=== Exercise directions ===
The pictures are to be left out, and all remaining data is to be transcribed exactly as it appears.

=== Data excerpt ===
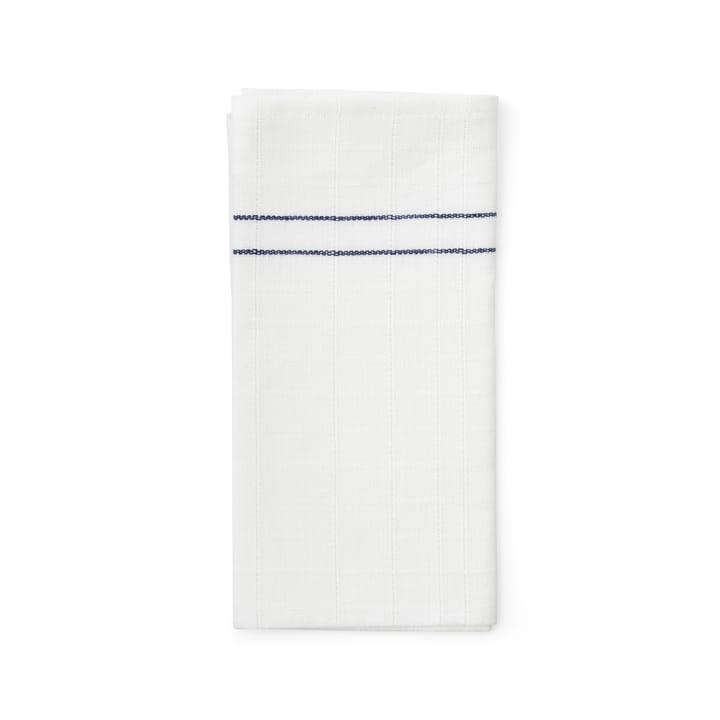 Cressida linen napkin 45x45 cm - Indigo - MENU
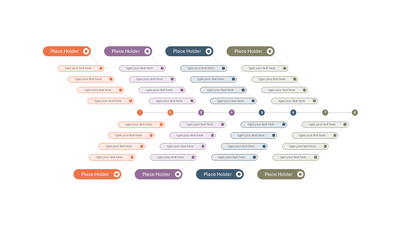 Fishbone Diagram 8 Branches 4 Points — Fishbone Root Cause Analysis slide template
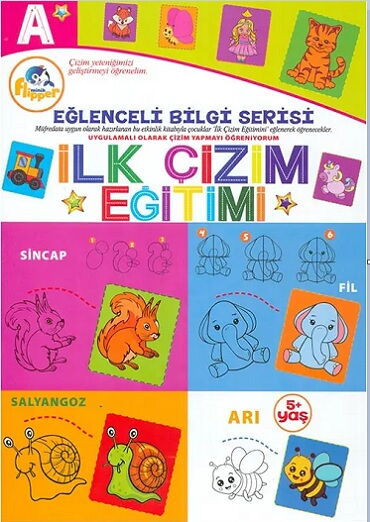 EĞLENCELİ BİLGİ SERİSİ İLK ÇİZİM EĞİTİMİ 5+ YAŞ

=== The completed task ===
 Cressida linen napkin 45x45 cm - Indigo - MENU
 Fishbone Diagram 8 Branches 4 Points — Fishbone Root Cause Analysis slide template
 EĞLENCELİ BİLGİ SERİSİ İLK ÇİZİM EĞİTİMİ 5+ YAŞ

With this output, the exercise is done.